The sale and use of cocaine, heroin and amphetamines have become obvious everywhere in Tobago.

On the beach that borders the road to the high school in Speyside the pushers boldly await their young clients and spent hypodermics are easy to find.

Unlike common marijuana these drugs are costly, highly addictive and very profitable. As a result of this trade the island is awash in drug money but the trade is also producing buyers who are incapable of working but need more and more money to pay for their addiction. As the spiral of addiction and crime increases the addicts become more ruthless and violent.

It is easier to rob tourists than your mother or father.

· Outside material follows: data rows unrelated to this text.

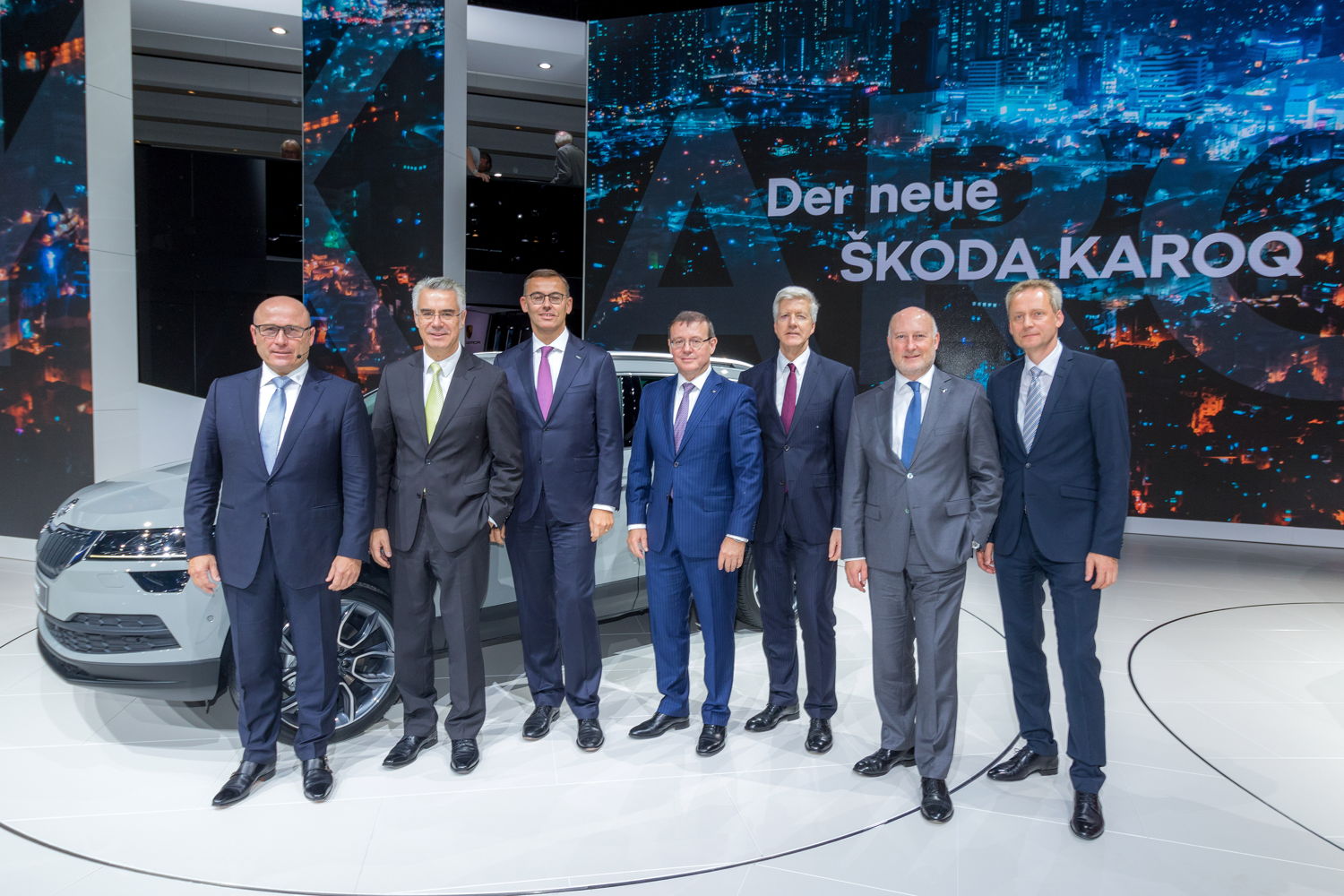 ŠKODA Board of Management at the IAA press conference in Frankfurt on 12 September 2017.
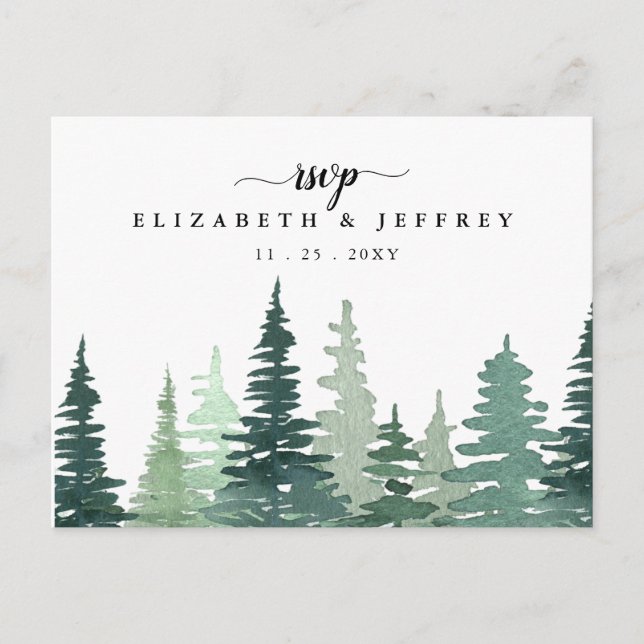 Invitation Carte Postale Russe Aquarelle Pine Forest hiver RSVP (Devant)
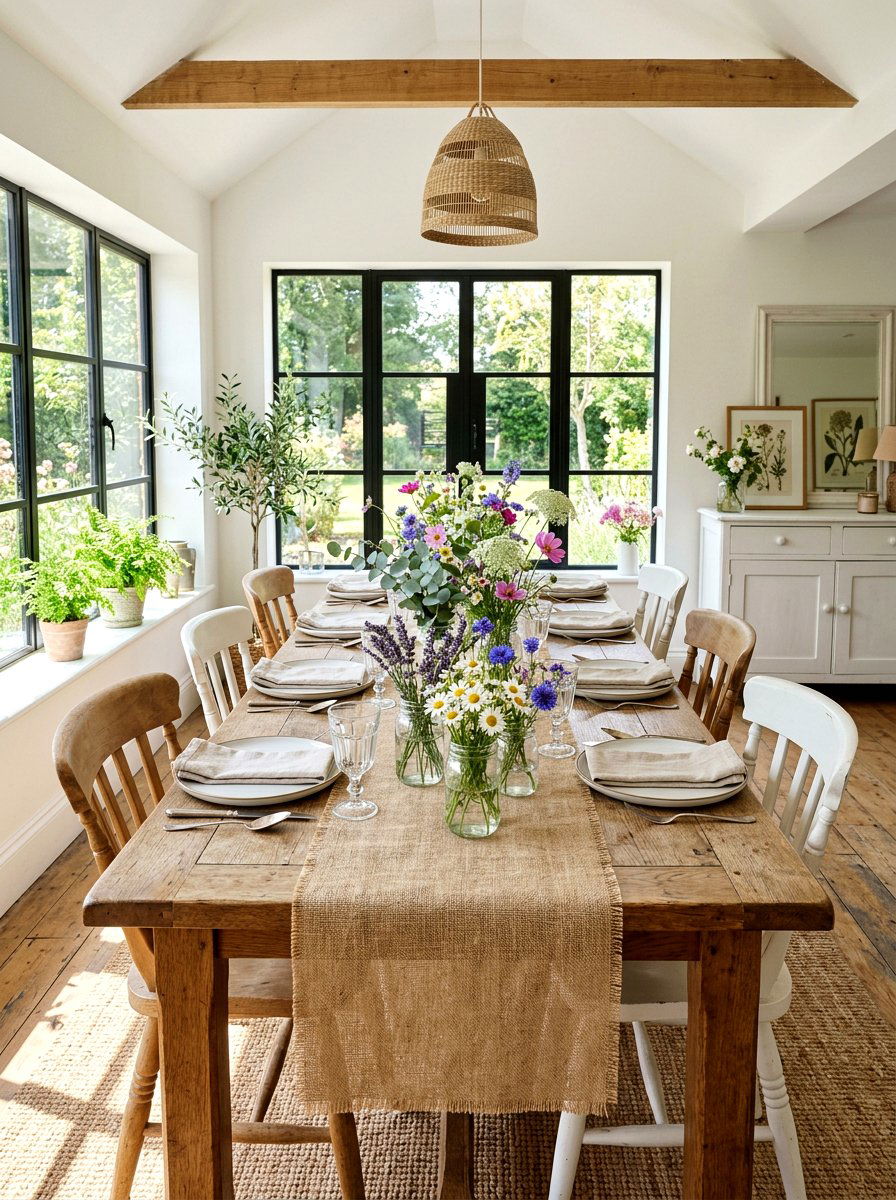 Burlap Table Runner - 25 Spring Burlap Decor Ideas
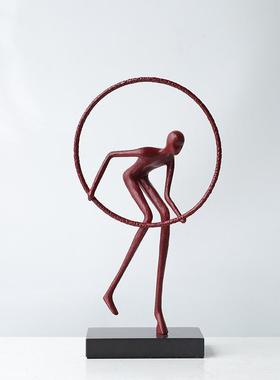 代铸B0793铁抽象人物雕置塑摆酒柜电视柜创意件家居样板房艺术装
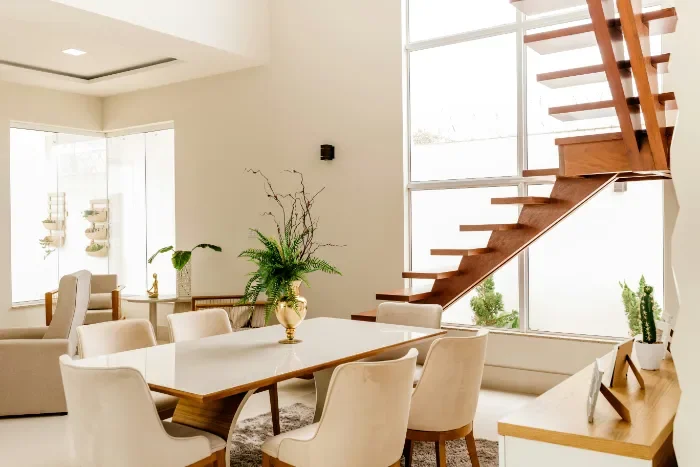 Renovated living and dining room with timber stairs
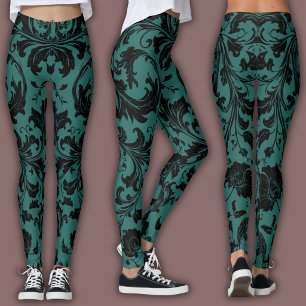 Leggings Motif Damassé Noir & Sarcelle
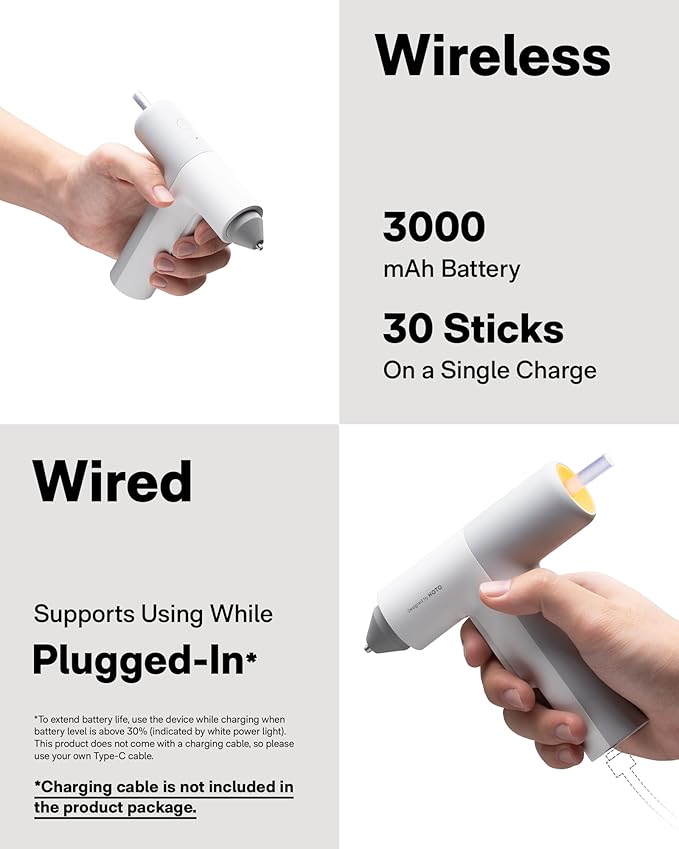 HOTO Cordless Hot Glue Gun with 40 Sticks, 30s Fast Preheating, 3000mAh, One-Hand Auto Dispensing, Dual Safe - Anti-Scald & Anti-Drip,Wireless/Wired Dual Use, Ideal for DIY/Kids Crafts & Home Repairs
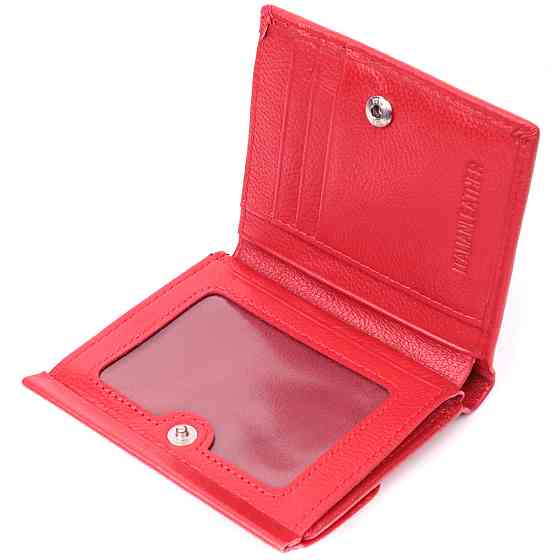 Яскравий невеликий жіночий гаманець з монетницею з натуральної шкіри ST Leather 22543 Червоний Київ
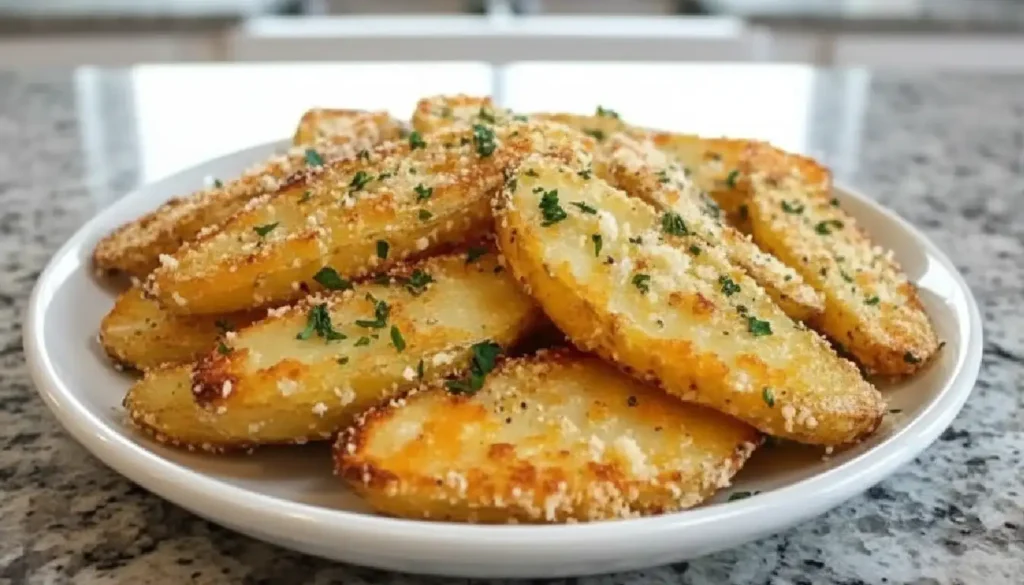 Crispy Baked Garlic Parmesan Potato Wedges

But this will not last. Tourism will evaporate and the island’s residents will become the new targets, the new source of fast money.

(By some reports this has already begun.) That’s what happens everywhere else in the world where people ignore the reality of the hard drug trade and it is coming down the road to your home in Tobago. You can bet on it.

In my case the general response of both police and residents was this: “of course, you have insurance”. There was great sympathy for me in the village but in the end the crime was not solved and I think it never will be. I tried hard not to have my love of Tobago stolen from me along with my possessions and the residents of the village did their best to help me. I am back in Canada but, sadly, I can no longer carry the island in my heart. It is a great loss. If you, the people of Tobago, let the drug dealers steal the island from your hearts where will you go?

Robert Bowers

(retired professor, University of Toronto

photographer and sculptor)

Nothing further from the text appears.